Leaving out every picture, copy the lines of the material below exactly, from the line containing "The decorated Christmas" through the line containing "Manuell Uttrekkbar Markise".

- SUPPLIED RECORDS
------------------------------

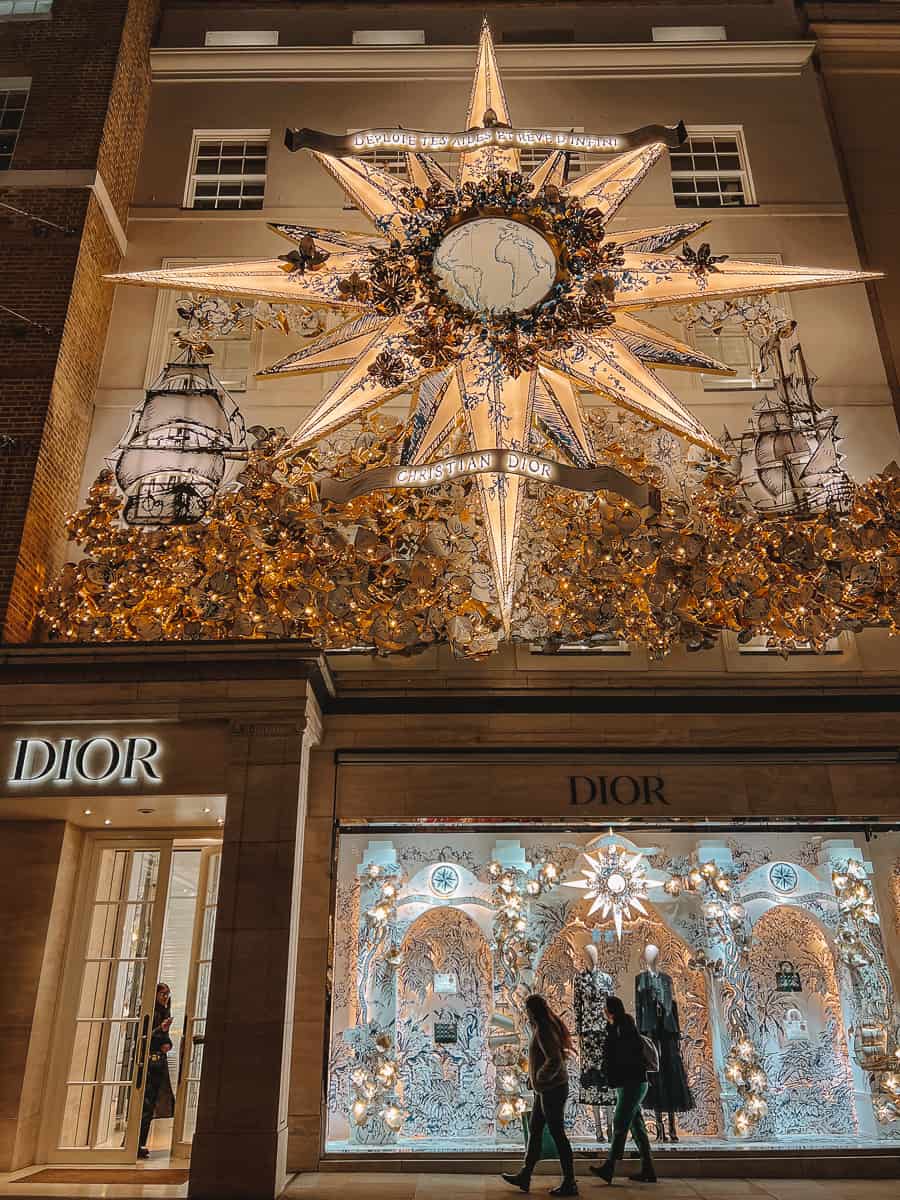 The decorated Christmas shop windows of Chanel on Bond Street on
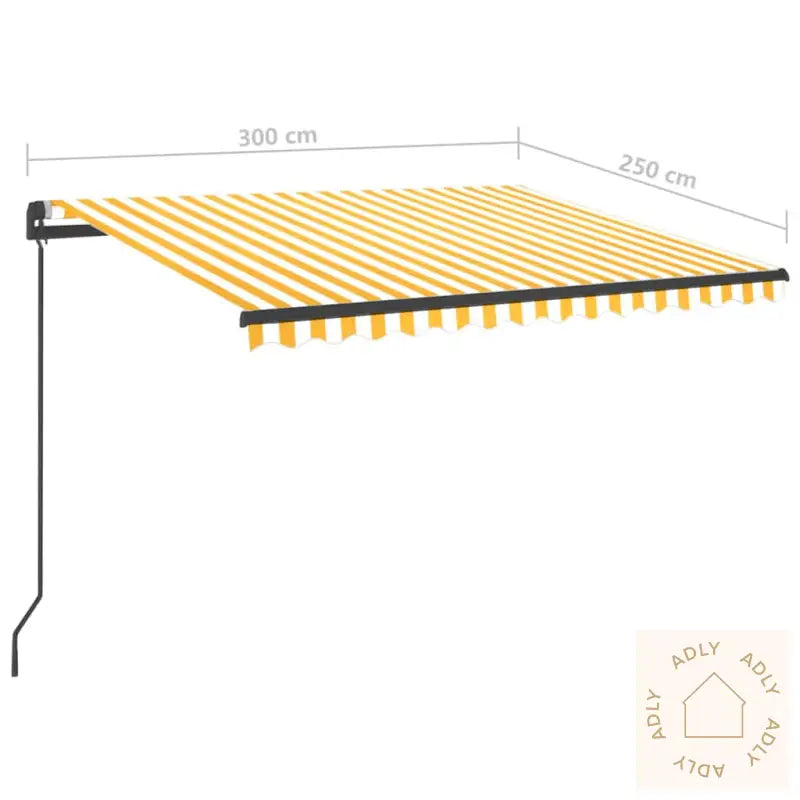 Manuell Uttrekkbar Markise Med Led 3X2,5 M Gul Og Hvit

------------------------------

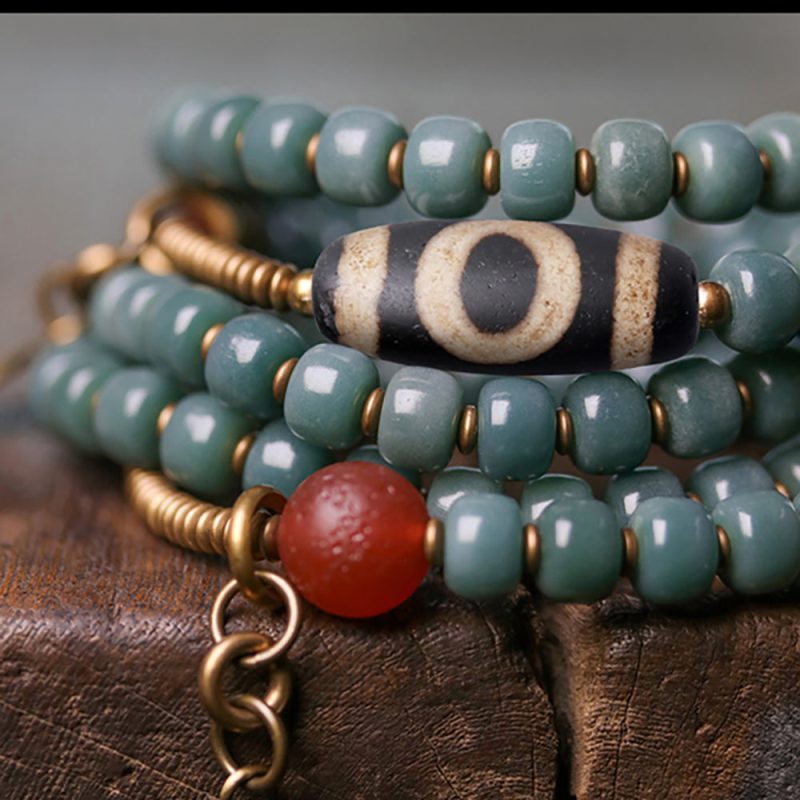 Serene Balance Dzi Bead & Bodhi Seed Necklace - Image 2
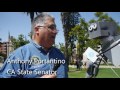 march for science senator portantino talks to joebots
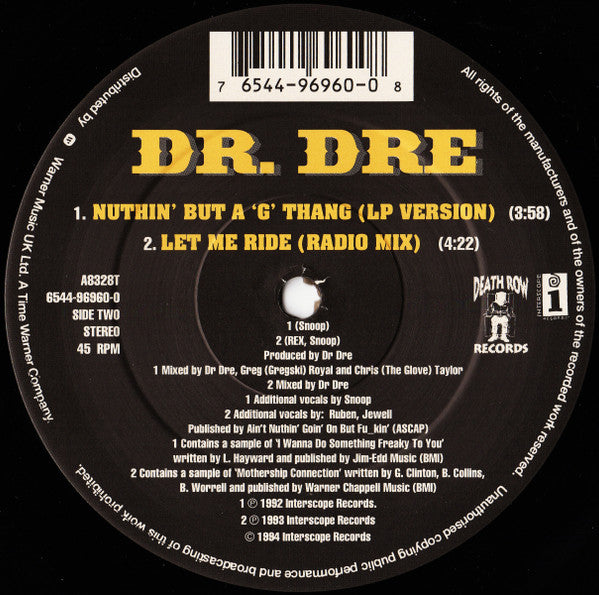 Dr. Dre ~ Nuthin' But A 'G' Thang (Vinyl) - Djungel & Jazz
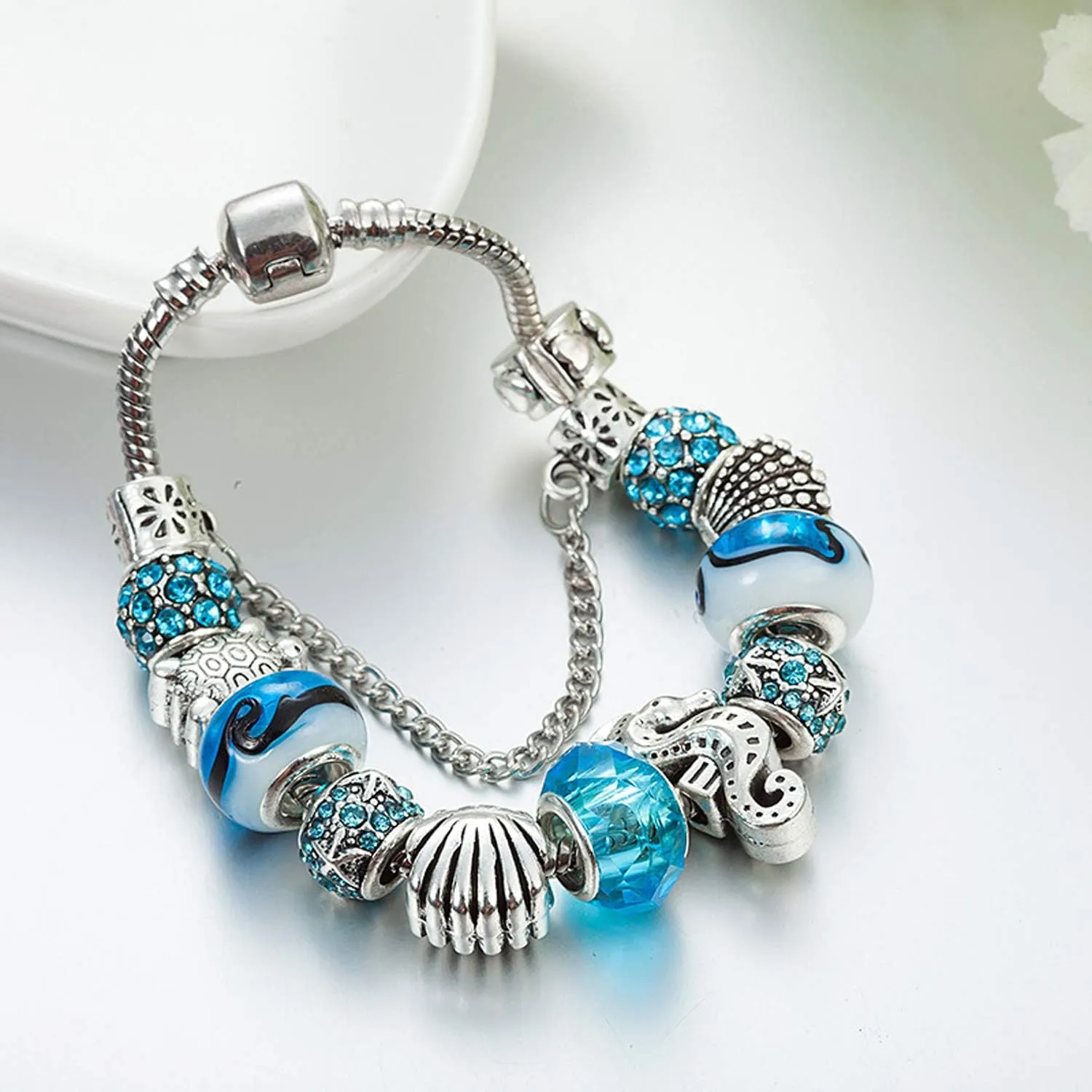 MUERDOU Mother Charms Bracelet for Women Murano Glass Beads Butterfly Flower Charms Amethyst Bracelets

------------------------------

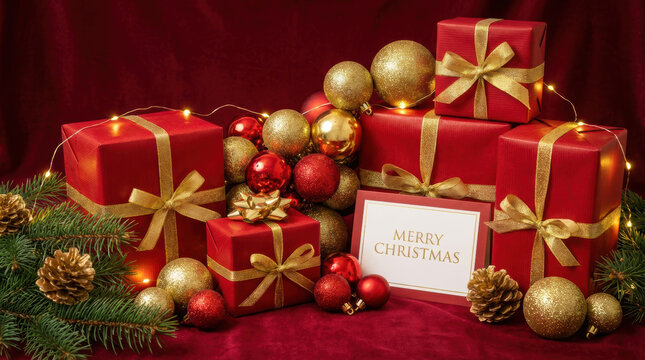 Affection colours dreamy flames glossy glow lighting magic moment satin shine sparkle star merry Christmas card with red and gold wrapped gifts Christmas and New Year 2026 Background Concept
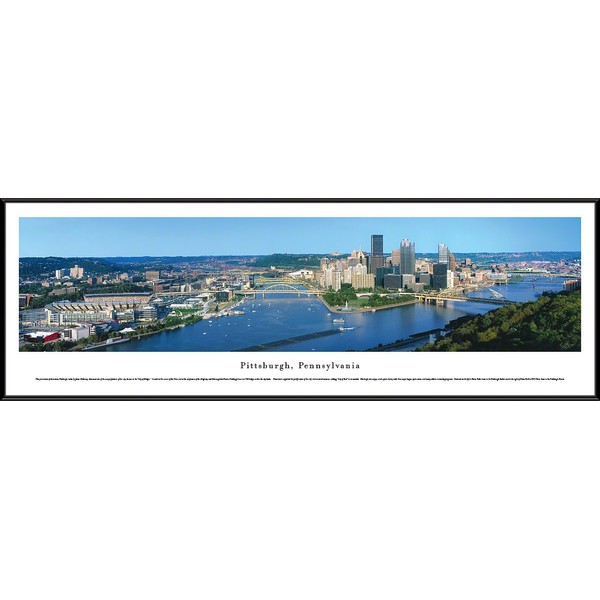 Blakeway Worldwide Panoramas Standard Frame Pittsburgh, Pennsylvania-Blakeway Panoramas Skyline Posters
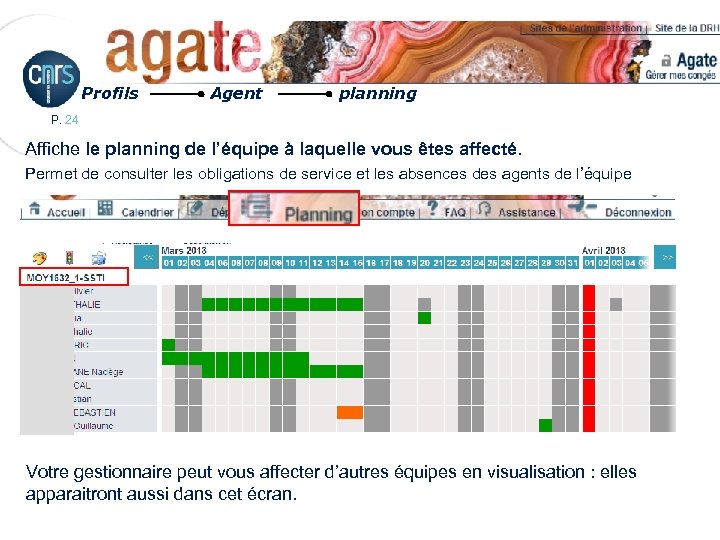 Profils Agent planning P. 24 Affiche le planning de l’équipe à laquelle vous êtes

------------------------------

- RESPONSE
 The decorated Christmas shop windows of Chanel on Bond Street on
 Manuell Uttrekkbar Markise Med Led 3X2,5 M Gul Og Hvit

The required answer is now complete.